Attorneys can’t predict the future. Even the most experienced of us cannot provide assurances about the outcome of our client’s claims and defenses. Sure, we’ll provide some suggestions and list the possibilities but it is the attorney who sets unreasonable expectations that may end up in trouble. Just ask the attorneys in Dallas who fell victim to a malpractice claim for allegedly over-promising a particular result to their former client.
In Doores v. Crutcher, a plaintiff claims that his former attorneys billed $400,000 in legal fees to pursue a theory against judgment proof defendants. The plaintiff claims that in 2008 he was scammed into investing in a fraudulent real estate scheme. He hired the defendant law firm to pursue a security fraud claim. The plaintiff alleges that when he retained the law firm he advised them that he wanted to limit his legal fees to $200,000, tops. According to the plaintiff, his former attorneys advised him that the target defendants had executable assets that could satisfy the judgment and that the case was worth pursuing. It was not until after spending over $400,000 that the plaintiff learned that the defendants had no unencumbered assets. He subsequently filed the malpractice suit.

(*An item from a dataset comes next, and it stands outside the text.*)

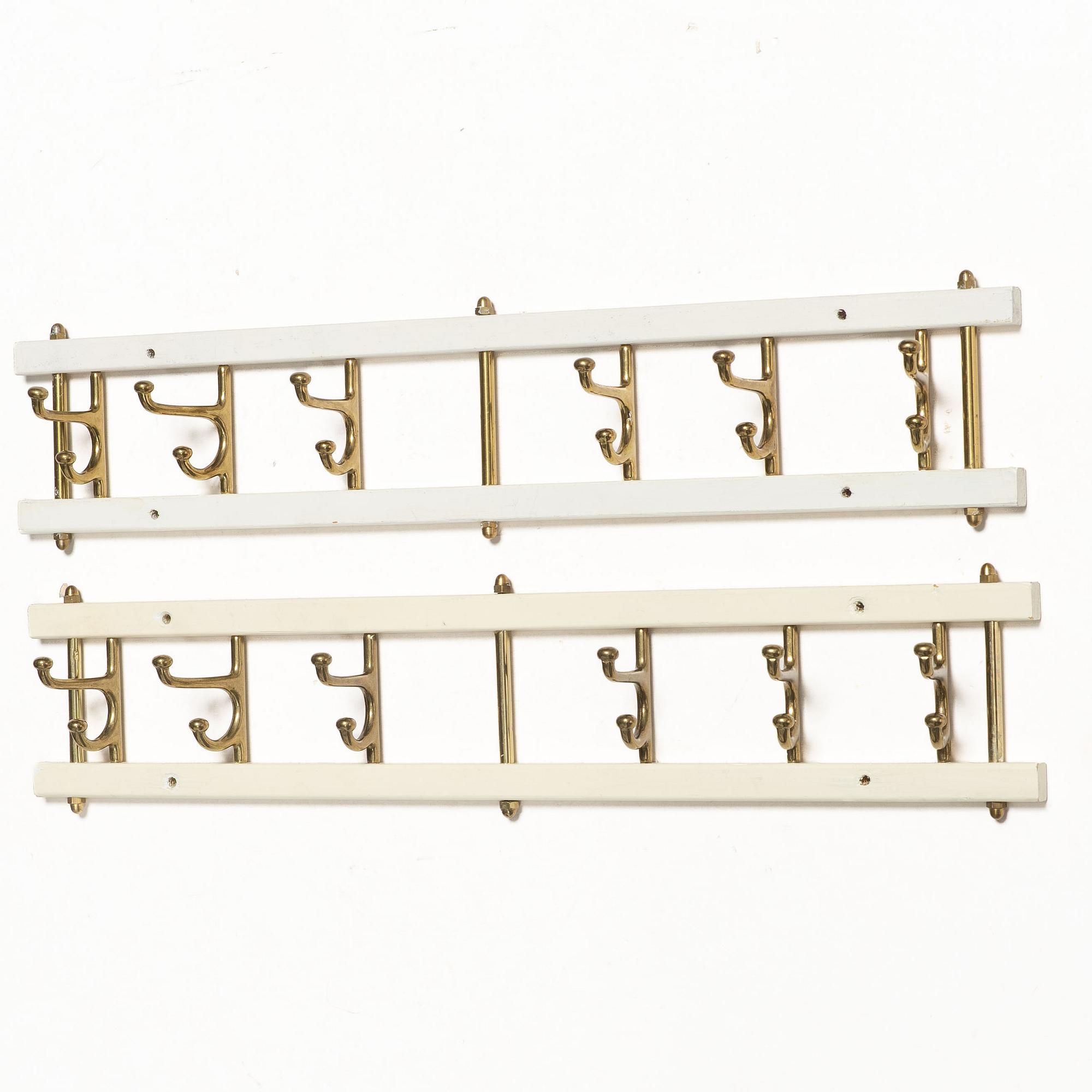 Coat hangers, a pair, “Dekorativ”, Skoglunds Metallgjuteri, Anderstorp, mid-20th century.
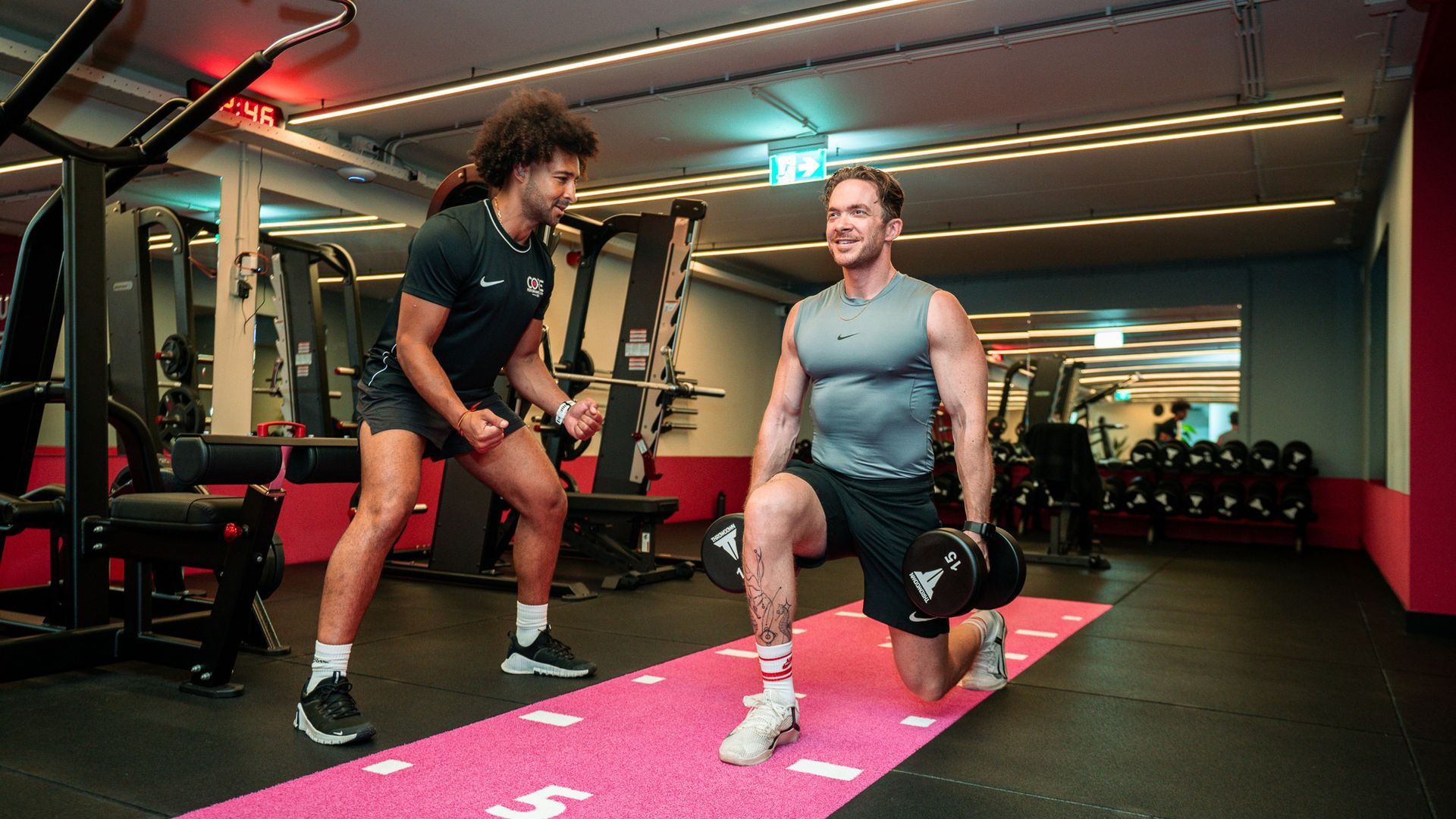 Een trainer helpt iemand bij het gebruik van een kabelmachine in een sportschool.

One of the physician’s principle complaints against the defendant firm is that he was misled into believing he had a strong case and that significant attorney’s fees were justifiable.
This newly filed suit demonstrates how a client’s high expectations about the outcome of a case can be dangerous. Attorneys should be careful when valuing a case, predicting an outcome, or assessing the strength of the case to paint a realistic picture of the possible outcomes. Attorneys should document conversations and take necessary steps to reflect that the attorney has identified all scenarios and that the client is well-informed. A good concept along these lines is: under-promise and over-perform.